That Notre Dame was able to manufacture this defensive success, even against an overmatched team like Nevada, is at least somewhat impressive due to the abbreviated week the team faced after returning home early in the morning on Labor Day from that hot, long, gutting evening in Austin. Irish coaches had to emphasize quality over quantity in terms of practice this week and focused on making sure players were not only prepared for Nevada, but well-rested.
“That's really what was the key to us being able to play and feel like we weren't lethargic or we weren't heavy-legged,” Kelly said.
Without the right plan, Notre Dame’s defense easily could’ve fallen into the same mistake-filled patterns that defined its loss to Texas.
“The way the coaches laid it out was perfect,” cornerback Cole Luke said. “We had our good amount of rest, we made sure we maximized our potential physically and mentally and we put the work in when we needed to put it in. We kind of pushed everything back a little bit just to get ourselves right and I think it paid off.”
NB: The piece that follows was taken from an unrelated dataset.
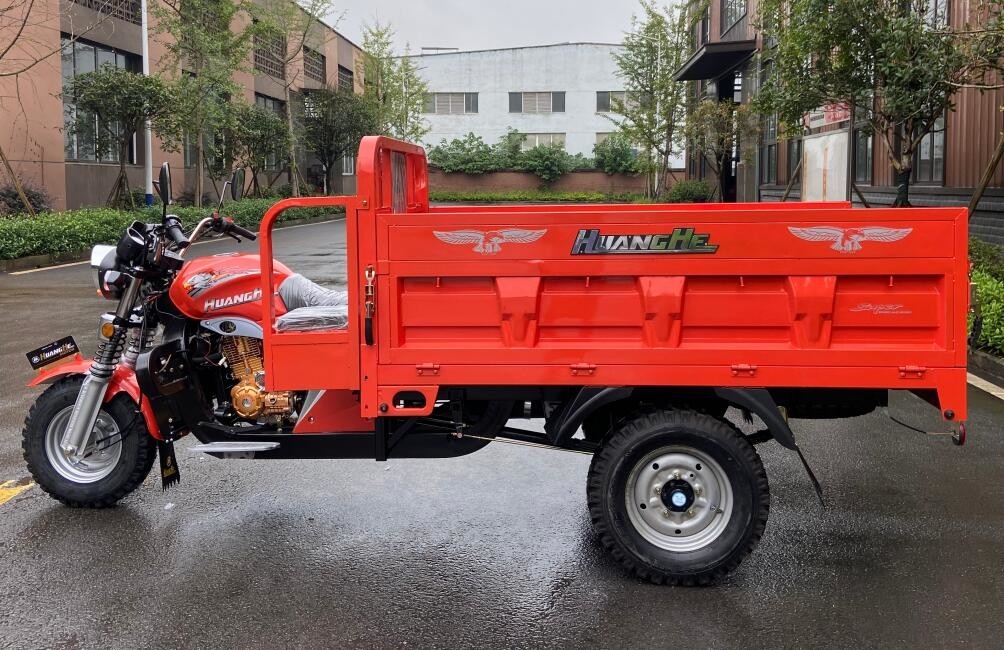 Motocicleta de carga de 3 ruedas de 200CC Motor de 2,0 m Caja de carga Triciclo motorizado para carga de mercancías pesadas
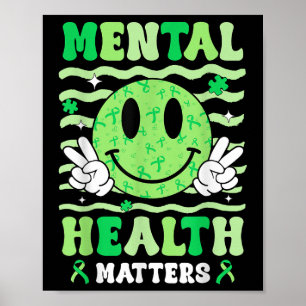 Vårdmedvetande om psykisk hälsa Smile Ansikte Mana Poster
Deploying a more consistent 4-3 base and 4-2-5 nickel look made a difference, too, six days after Brian VanGorder’s 3-3-5 scheme was ineffective against Texas up-tempo yet physical offense. Jones and Cage led a strong showing from the defensive line, and inserting sophomore Te’von Coney at Will (inside) linebacker for junior Greer Martini made a positive difference, too. With the less-complicated structure, Notre Dame’s defense was able to do the simple things — tackling, playing balls in the air, staying on assignment, etc. — much better against Nevada.
And in fitting with that idea of gaining momentum, Notre Dame’s defense re-established itself physically against Nevada.
“We felt like we had it established going into Texas, and obviously that didn’t work out, so we kind of had to re-assess ourselves and re-establish that culture of being physical,” Jones said. “… Everyone knew in the back of their minds we have Michigan State next, so we knew we had to pick it up this game.”
Michigan State, obviously, will present a much stiffer challenge than Nevada. This is a program that made the College Football Playoff last year and had won 36 games over the last three years. Bruising running back LJ Scott will create problems, and Notre Dame can’t afford to commit as many penalties as it did against Nevada (freshman defensive end Khalid Kareem’s roughing the passer flag negated what would’ve been Cole Luke’s first interception of the year, for example).
But Notre Dame’s defense had to start somewhere after hitting the reset button six days ago. It passed the test against Nevada, and now has a much more difficult — and important — one against Michigan State in a game the Irish can’t afford to lose.
“As long as we continue to evolve defensively and get better there,” Kelly said, “I think we got a fighting shot against anybody we play.”